• Data:
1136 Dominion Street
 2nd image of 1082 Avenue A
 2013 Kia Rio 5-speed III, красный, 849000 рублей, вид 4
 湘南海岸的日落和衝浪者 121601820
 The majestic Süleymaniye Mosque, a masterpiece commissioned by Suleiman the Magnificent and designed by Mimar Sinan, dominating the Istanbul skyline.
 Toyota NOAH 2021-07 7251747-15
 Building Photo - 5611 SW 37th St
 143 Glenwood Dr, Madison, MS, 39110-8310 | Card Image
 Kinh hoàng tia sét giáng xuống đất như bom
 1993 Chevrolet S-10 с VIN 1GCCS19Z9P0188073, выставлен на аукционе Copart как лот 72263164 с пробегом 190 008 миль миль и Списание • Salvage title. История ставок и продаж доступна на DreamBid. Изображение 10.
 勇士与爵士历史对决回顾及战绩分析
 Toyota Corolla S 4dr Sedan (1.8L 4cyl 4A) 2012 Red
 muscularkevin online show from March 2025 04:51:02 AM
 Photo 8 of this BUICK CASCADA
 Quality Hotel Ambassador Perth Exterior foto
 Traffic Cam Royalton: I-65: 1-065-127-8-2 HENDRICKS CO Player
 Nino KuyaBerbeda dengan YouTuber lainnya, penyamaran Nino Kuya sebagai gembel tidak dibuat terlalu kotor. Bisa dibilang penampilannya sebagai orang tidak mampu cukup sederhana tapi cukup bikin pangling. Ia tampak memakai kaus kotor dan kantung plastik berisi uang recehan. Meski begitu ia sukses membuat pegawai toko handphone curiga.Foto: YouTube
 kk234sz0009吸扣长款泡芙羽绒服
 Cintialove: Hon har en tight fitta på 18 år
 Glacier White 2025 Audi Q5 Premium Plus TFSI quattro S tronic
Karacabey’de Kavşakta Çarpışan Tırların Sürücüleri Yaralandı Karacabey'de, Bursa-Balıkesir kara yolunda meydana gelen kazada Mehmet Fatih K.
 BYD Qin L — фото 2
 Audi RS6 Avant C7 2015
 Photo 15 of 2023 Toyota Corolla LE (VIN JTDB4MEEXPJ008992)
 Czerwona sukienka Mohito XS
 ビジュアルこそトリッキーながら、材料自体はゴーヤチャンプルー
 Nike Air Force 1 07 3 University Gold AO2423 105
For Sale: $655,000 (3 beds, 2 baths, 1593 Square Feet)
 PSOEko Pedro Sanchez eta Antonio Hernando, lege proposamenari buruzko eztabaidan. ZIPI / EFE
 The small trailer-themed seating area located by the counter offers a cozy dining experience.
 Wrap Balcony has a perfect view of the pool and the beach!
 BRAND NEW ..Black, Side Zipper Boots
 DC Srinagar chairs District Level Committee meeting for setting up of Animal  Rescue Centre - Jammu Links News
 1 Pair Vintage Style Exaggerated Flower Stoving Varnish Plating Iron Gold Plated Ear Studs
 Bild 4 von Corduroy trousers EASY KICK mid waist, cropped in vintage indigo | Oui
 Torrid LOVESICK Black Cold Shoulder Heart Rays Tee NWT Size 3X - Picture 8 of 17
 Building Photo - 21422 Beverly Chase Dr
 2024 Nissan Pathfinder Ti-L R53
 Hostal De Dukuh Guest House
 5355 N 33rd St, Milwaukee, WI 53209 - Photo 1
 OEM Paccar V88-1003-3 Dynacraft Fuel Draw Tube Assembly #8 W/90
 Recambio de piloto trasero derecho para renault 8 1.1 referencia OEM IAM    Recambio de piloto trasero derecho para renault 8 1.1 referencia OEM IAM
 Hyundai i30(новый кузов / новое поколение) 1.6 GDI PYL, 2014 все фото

• Description of the task:
Reproduce exactly the section above that begins at the line containing "BRAND NEW ..Black, Side Zipper Boots" and ends at the line containing "Bild 4 von Corduroy", leaving out all other lines.

• Solution for this task:
 BRAND NEW ..Black, Side Zipper Boots
 DC Srinagar chairs District Level Committee meeting for setting up of Animal  Rescue Centre - Jammu Links News
 1 Pair Vintage Style Exaggerated Flower Stoving Varnish Plating Iron Gold Plated Ear Studs
 Bild 4 von Corduroy trousers EASY KICK mid waist, cropped in vintage indigo | Oui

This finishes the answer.